A Solr order clause is very similar to the ORDER BY clause in SQL. To order by a document’s “name” field ascending, and “created_at” descending when two documents have the same name, the clause in both SQL and Solr is “name asc, created_at desc”. The gem allows you to build this several ways:

q = @bucket.query.where(name_t: 'Andrew').order(created_dt: 'asc').keys
#=> ["OL1quOfOKiYEmxYsqvjf9cyRmH3", "PtgA5YsxWpSg7RzTY2eJVJ81hDQ"]
q = @bucket.query.where(name_t: 'Andrew').order('created_dt desc').keys
#=> ["PtgA5YsxWpSg7RzTY2eJVJ81hDQ", "OL1quOfOKiYEmxYsqvjf9cyRmH3"]

Where

This is where the complexity is: I wanted to build something as flexible as Active Record’s where clauses, that would take hashes for equality matches, arrays for parameter escaping, and strings for more complicated querying.

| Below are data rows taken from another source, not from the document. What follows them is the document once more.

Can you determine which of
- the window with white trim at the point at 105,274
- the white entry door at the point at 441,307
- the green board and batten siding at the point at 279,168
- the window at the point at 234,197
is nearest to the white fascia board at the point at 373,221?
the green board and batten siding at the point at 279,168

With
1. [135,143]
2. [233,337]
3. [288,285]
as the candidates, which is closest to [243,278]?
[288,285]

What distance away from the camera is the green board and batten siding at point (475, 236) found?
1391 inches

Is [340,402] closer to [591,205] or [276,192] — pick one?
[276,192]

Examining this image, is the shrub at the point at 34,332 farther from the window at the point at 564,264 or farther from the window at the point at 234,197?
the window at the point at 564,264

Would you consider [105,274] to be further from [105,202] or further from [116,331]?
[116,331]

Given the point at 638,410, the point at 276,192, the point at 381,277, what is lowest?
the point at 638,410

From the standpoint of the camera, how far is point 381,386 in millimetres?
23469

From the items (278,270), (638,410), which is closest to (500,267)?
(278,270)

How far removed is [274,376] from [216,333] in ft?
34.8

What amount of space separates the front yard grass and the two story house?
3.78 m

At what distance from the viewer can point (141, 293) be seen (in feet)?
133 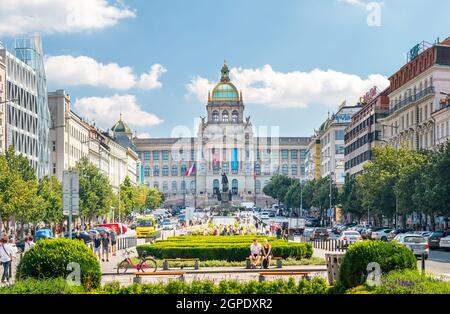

I also wanted to support ranges, times, numbers, in addition to strings. As a result, the WhereClause class is as complicated as the QueryBuilder.

When creating where clauses with hashes alone, handling it is fairly simple: just keep merging the hashes together, and at the end, join the pairs with “AND” and send that to Yokozuna.

For strings (and arrays, which I treat like strings after deparameterizing them) I didn’t want to deal with parsing them back out to hashes, so I just parenthesize them and AND them together. If I’m joining a string and a hash, the hash gets converted to a string, and everything follows from there.

Nicer

A big benefit of this approach is that it minimizes “string programming.” Instead of having huge monolithic Solr strings in your models, instead you have syntax-checked Ruby with no, or at least smaller, strings. The chaining means it’s easier to manipulate and paginate the queries prior to expensive fetch operations or showing the results to the user.

At the same time, it’s not strictly necessary, so it’ll remain separate from but dependent on the Riak Ruby client proper. It’s a nice way to build queries, but doesn’t really provide any of the plumbing necessary to run them itself.

Today and Tomorrow

The gem is published on RubyGems and the source is on GitHub, but it’s in no way production ready: the tests are hardcoded to my local Riak install, it depends on an unstable development version of Riak (2.0.0pre1), and the very literal bleeding edge of the Riak Ruby client. I’d like to get it 1.0 after Riak 2 comes out, but time will tell.